Da Mussolini ad Andreotti, da Baffi a Ciampi: la libertà dei capitali è pagata da imprese e lavoratori


Anche stavolta, bisogna ricorrere ad una supposizione: nel '73 c'era stata la crisi petrolifera, che aveva portato alle stelle il prezzo del petrolio. C'era stata una fiammata dei prezzi, che scontavano il rincaro energetico, e la bilancia commerciale italiana aveva sbandato, segnando rosso fisso. La "tassa dello Sceicco", il rapporto peggiorato tra manufatti esportati e petrolio importato, aveva eroso la competitività delle nostre esportazioni. Una svalutazione si sarebbe ripercossa sui prezzi al consumo, alimentando la rincorsa salariale che era garantita solo in parte dalla "scala mobile", per via dell'accordo sul punto unico di contingenza: in pratica, erano completamente coperti solo i salari più bassi. Ancorarsi allo SME (Sistema monetario europeo), con una sorta di cambio fisso entro bande di oscillazioni concordate rispetto alle altre monete europee, avrebbe limitato la pressione a svalutare, che avrebbe comportato una riduzione delle retribuzioni reali per la gran parte dei lavoratori. Ci sarebbero state proteste sindacali, scioperi, serrate da parte degli industriali: da una parte si sarebbero chiesti salari più alti, dall'altra ci si sarebbe opposti, minacciando licenziamenti e fallimenti. Le svalutazioni sarebbero state distruttive, socialmente ed economicamente.

Anche l'ingresso nell'euro fu una resa.

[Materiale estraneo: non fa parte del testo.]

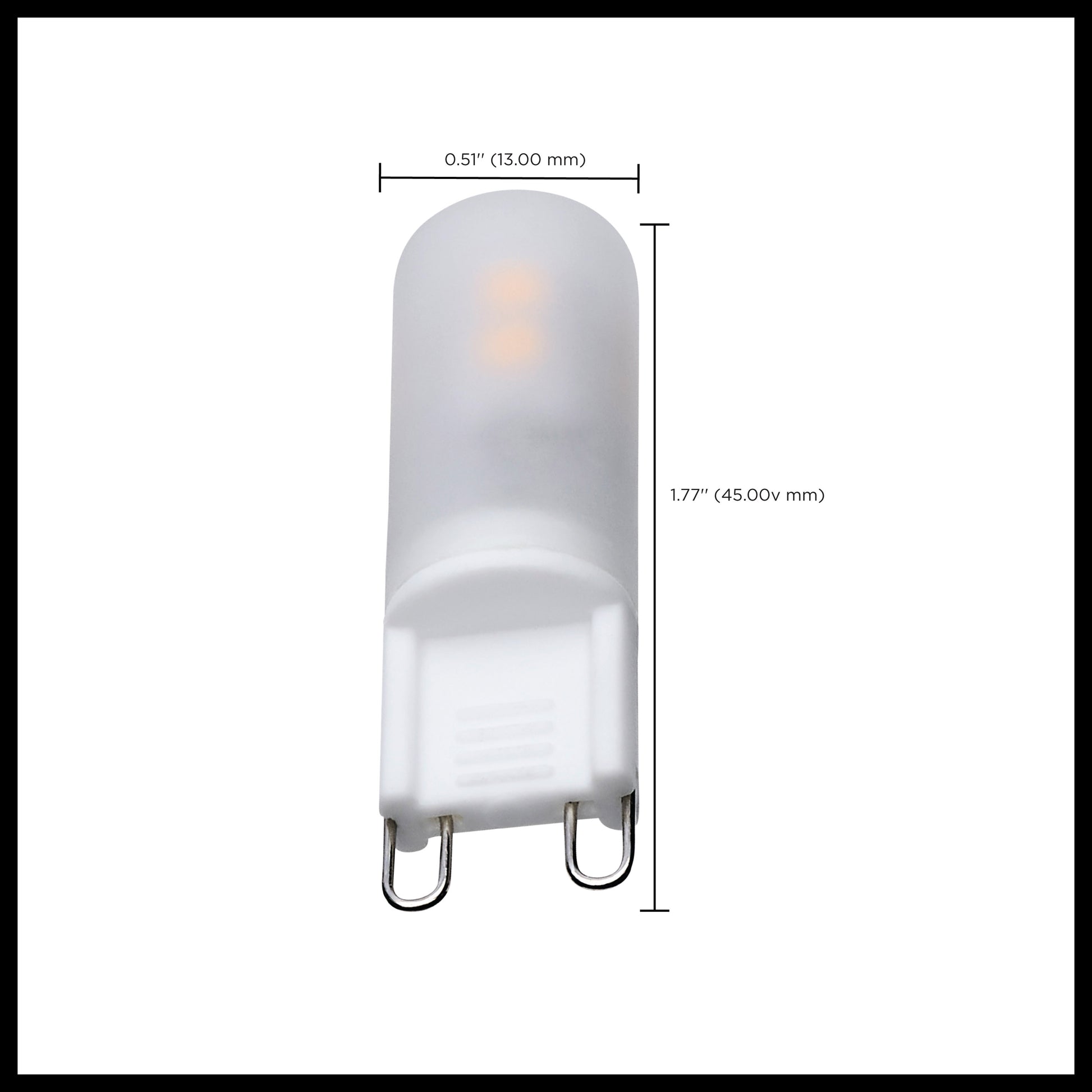 image of 2 Watt T4 LED - Frost Finish - G9 Base - 3000K - 120 Volt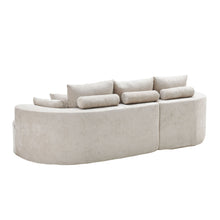 Load image into Gallery viewer, 2 Piece Fabric Cloud Curved Sectional Sofa With Chaise For Living Room
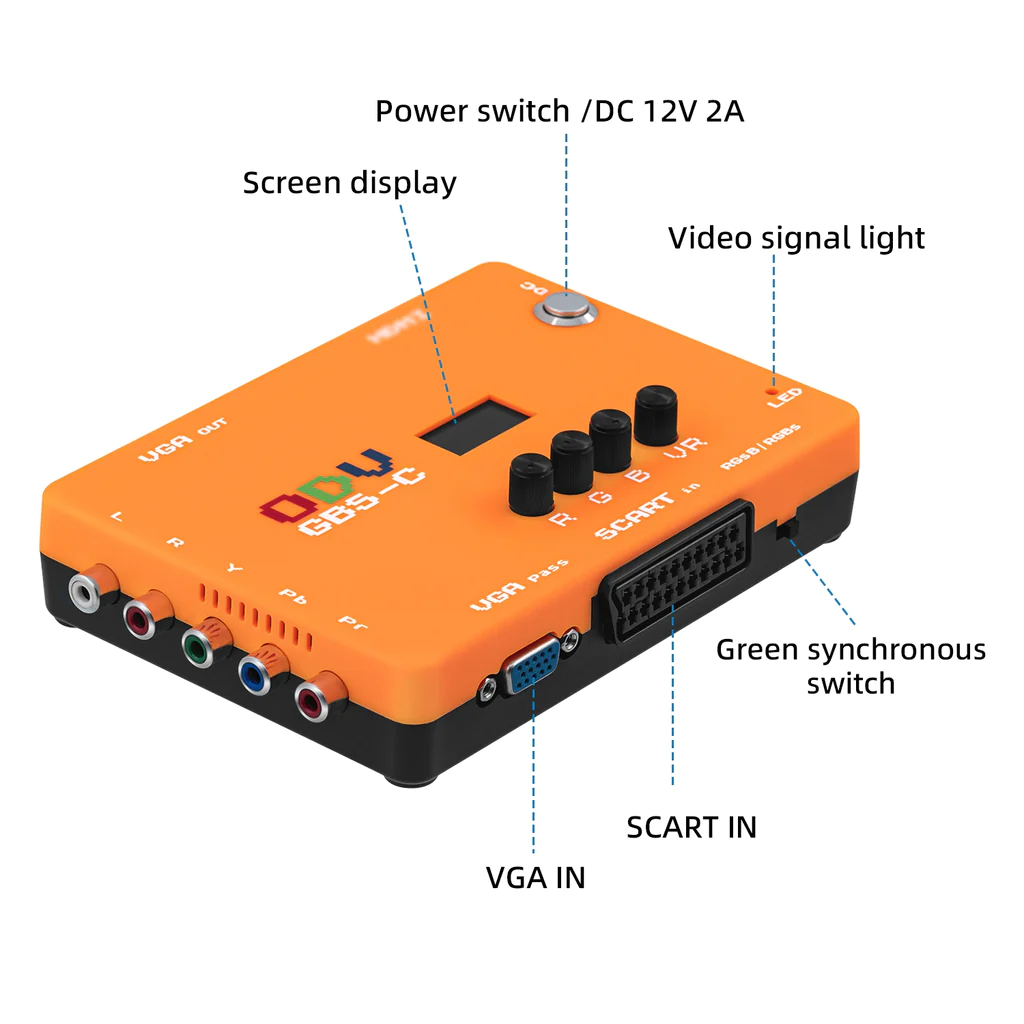 ตัวแปลงสแกน ODV-GBS-C vga/scar - Retro Gaming Play Zone บทวิจารณ์และราคา
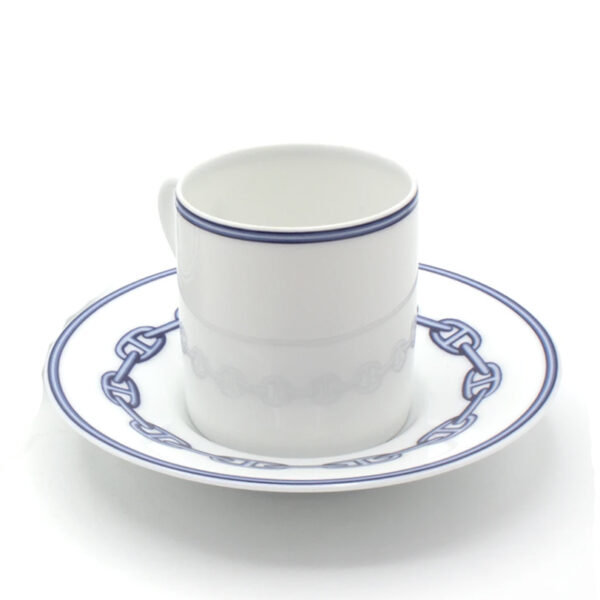 CHAINE D'ANCRE BLUE Coffe Cup and Saucer
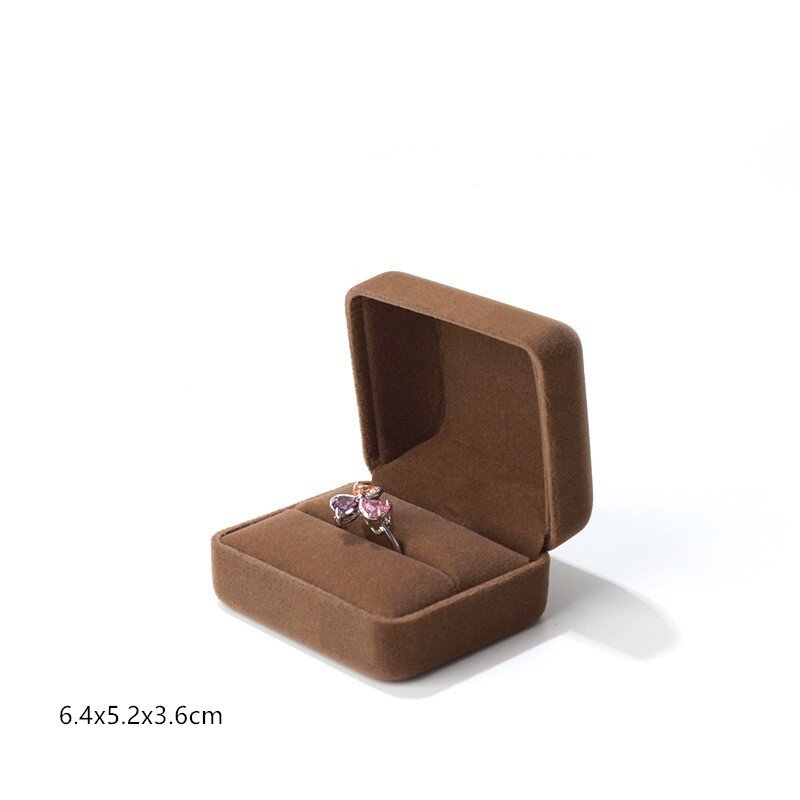 Kotak hadiah perhiasan segi delapan beludru kelas atas untuk wanita antik kalung Solid anting cincin Peckage kasus pemegang tampilan perhiasan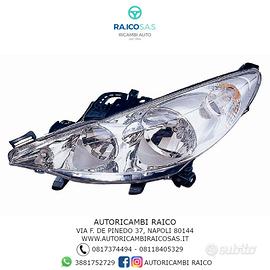 Faro fanale proiettore peugeot 207 dal 2006 al 200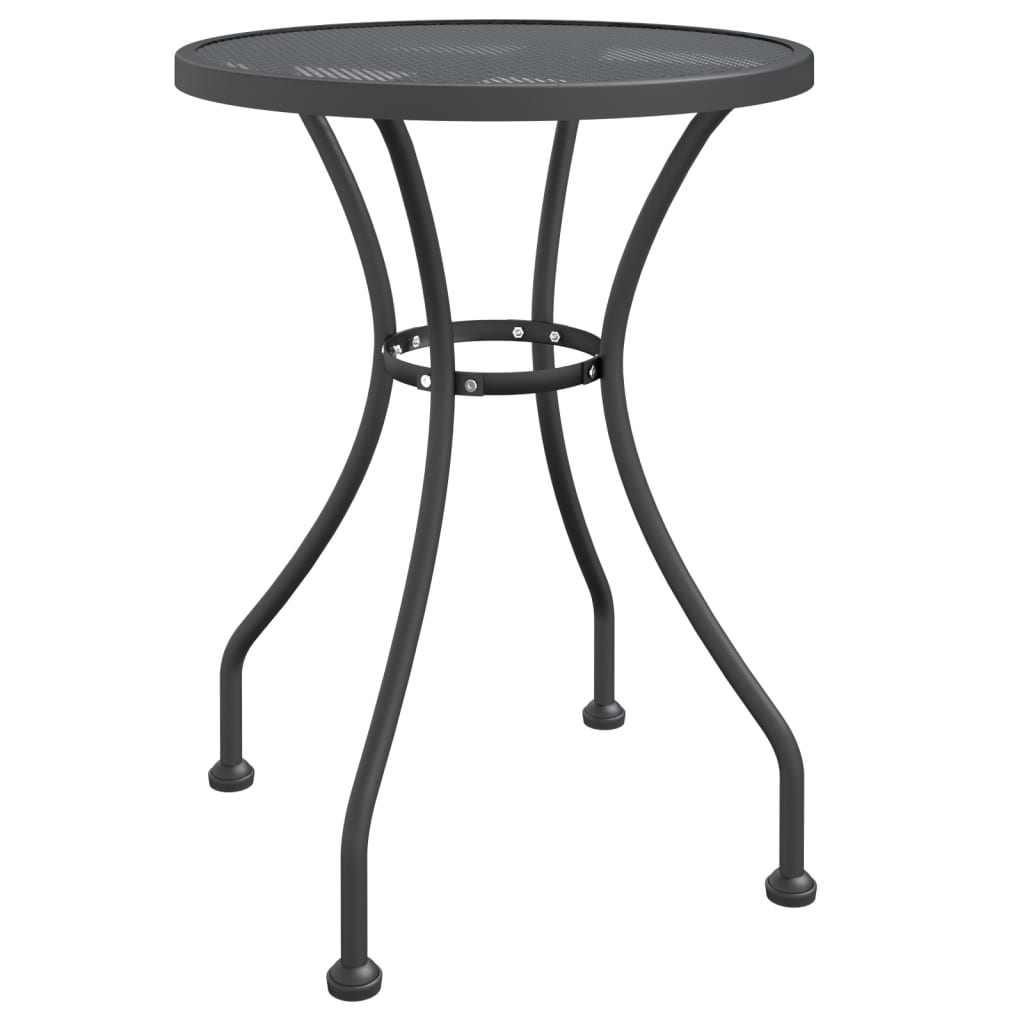 Set Mobilier Grădină, 5 Piese, Antracit, Plasă Metalică Extinsă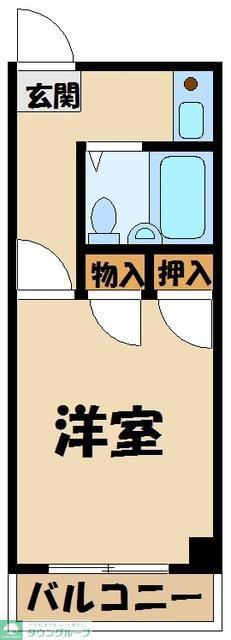 ロマーヌ飯能第一(ワンルーム/4階)の間取り写真
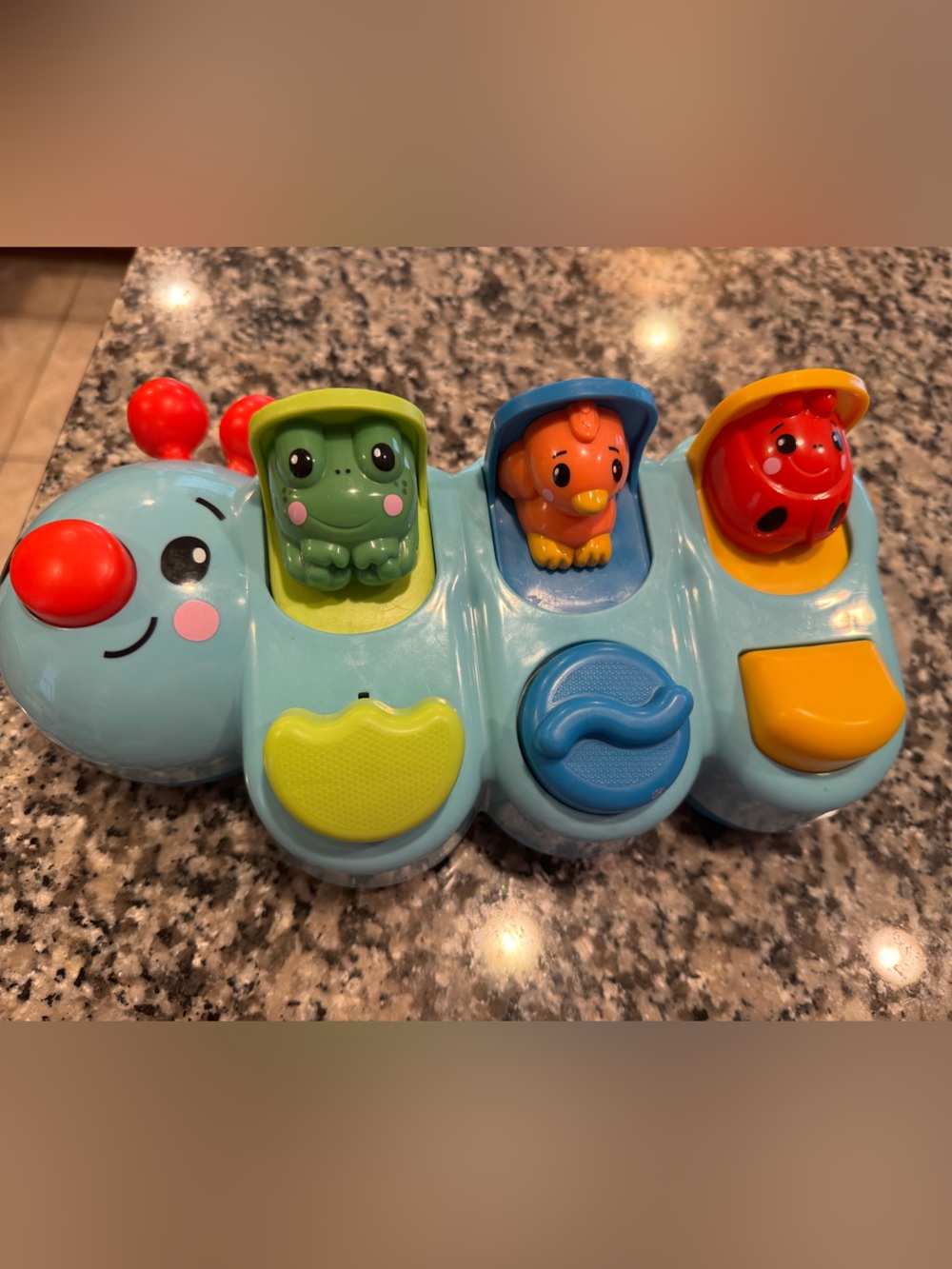 Blue Pop-Up Animal Toy for Kids - Interactive Bath & Play Fun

Si rinunciò completamente alla sovranità monetaria, una scelta di cui Carlo Azeglio Ciampi, Governatore di Banca d'Italia, poi Presidente del Consiglio e quindi Ministro del Tesoro, fu un decisissimo e determinante sostenitore.

Di svalutare la Lira non ci sarebbe più la possibilità, nonostante vi si fosse fatto ricorso con grande successo ancora nel 1996, durante il governo Dini.

Bisogna chiedersi come mai Ciampi fosse tanto favorevole all'Euro. Probabilmente, ma è una mia supposizione, voleva cancellare ogni possibile ripetizione degli eventi di cui era stato suo malgrado protagonista nel '92, quando aveva assistito da Governatore allo svuotamento delle riserve della Banca d'Italia: per mantenere fede all'impegno del cambio fisso stabilito con lo SME, non procedette alla svalutazione della Lira se non a settembre, quando ben 30 mila miliardi di capitali italiani erano andati all'estero. Fu una follia. Molti capitali tornarono indietro solo a metà del '93, con un guadagno enorme per chi aveva speculato.

L'illusione di Ciampi. Aderendo all'Euro ed abbandonando la Lira, si illudeva che la speculazione non si sarebbe più abbattuta sull'Italia.

La speculazione finanziaria ha sostituito quella valutaria. L'aumento dei tassi di interesse richiesti sul mercato secondario dei titoli di Stato ne determina un prezzo inferiore rispetto al valore facciale: invece di svalutare la Lira, si riduce il valore corrente del debito rispetto quello di emissione. Un titolo di Stato italiano che è stato comprato con 100 euro può essere venduto a meno, anche a 90 euro.